Un aménagement concerté

Cette décision libère de la place car les laveuses à eau sont bien plus menues que les immenses machines à solvants. Encore faut-il savoir tirer parti de cet avantage pour configurer les 100 m2 du nouveau local. « J’ai fait appel à un architecte pour optimiser les emplacements car chaque vêtement doit suivre un cycle de production. Le sale ne doit pas croiser le propre », insiste l’entrepreneur. À son échelle, Pressnett s’apprête à ressembler à une petite usine avec ses postes de travail dont l’enchaînement ne doit rien au hasard. Dans le local, tout en enfilade, la disposition des machines suit le flux d’activité depuis le comptoir où les clients déposent leur linge souillé jusqu’à le récupérer propre, repassé et sous film. Entre-temps, les vêtements auront suivi un parcours en U, le long duquel ils vont passer de mains en mains, sans discontinuité. « Nous sommes six à travailler dans 100 m² donc il faut éviter de se croiser et de faire des allers-retours dans le magasin. On évite la fatigue, les chutes, c’est plus logique, et on gagne du temps », campe le patron.

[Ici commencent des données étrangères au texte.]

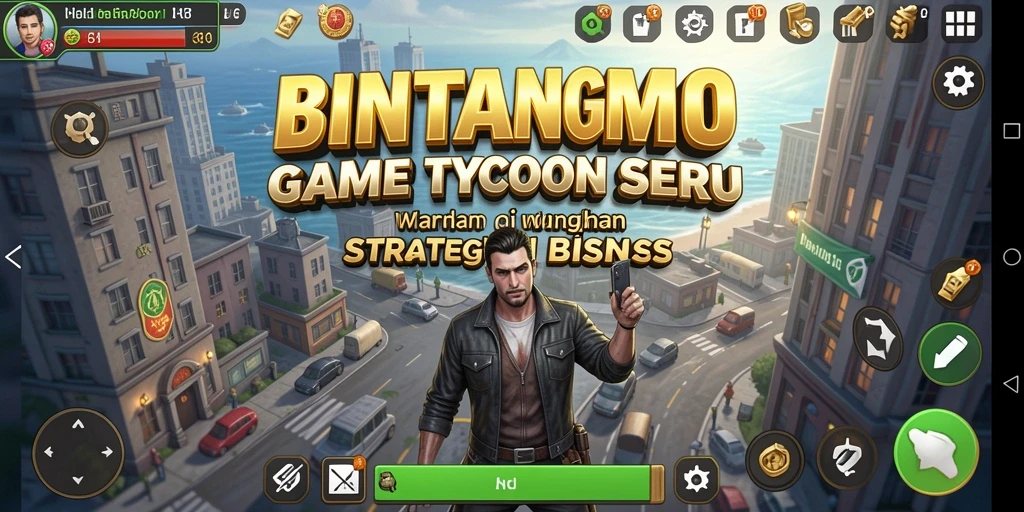Screenshot gameplay BINTANGMPO menampilkan pembangunan bisnis yang strategis.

Avant de se lancer, il a pris soin d’interroger ses salariés. « Je leur ai montré le projet et demandé leur avis sur le placement des machines car ce sont eux qui allaient travailler là au quotidien », souligne-t-il. L’échange n’a pas été de pure forme puisque des suggestions ont bien été prises en compte. Ainsi, l’emballeuse, qui sert à « filmer » les vêtements, a changé d’orientation afin que l’accès et les gestes soient plus commodes.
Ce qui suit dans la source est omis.